And it doesn’t matter.
They’re a smart, dedicated, talented group of people. They’re all good at their jobs, and they have some great ideas.
When I mention this team to others in my age cohort, I frequently get comments about how hard they must be to manage, or their work ethic, or other millennial tropes. I’ve corrected a few people who have called them “kids.” They’re functioning adults, just like the rest of us. Yes, they lack some experience, but that only comes with time, and they have plenty of that.
I defend my team pretty hard. But why? They’re not my generation. In some cases, I’m actually old enough to be a parent to them – and not “well, if I fathered a child in my teens, technically.”
Generation X, my generation, was much maligned. We were called lazy slackers. Video games supposedly had rotted our minds and ruined our attention spans. We graduated from college into a crappy economy, and many of us were thought to still be mooching off of our parents. Sound familiar? Millennials are getting the same bad, undeserved rap.
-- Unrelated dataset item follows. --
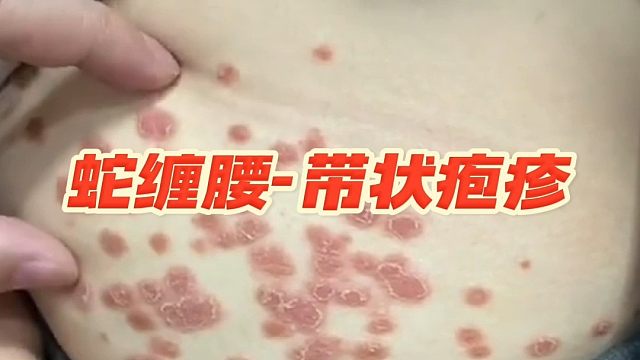 蛇缠腰要火爆头尾，免得窜远？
But there’s another side to that as well. Throughout my job search, I frequently felt I was being judged as “too old” for a position for which I was well qualified, usually by a younger hiring manager. I found ageism in corners where I didn’t expect it, which I thought strange for a guy still in his 40s. And you know what? It sucks to be judged on anything other than your abilities.
So back to my young team. I’ve told them this, and I think it’s a pretty good rule by which to live:
“I won’t judge you for your age as long as you don’t judge me for mine.”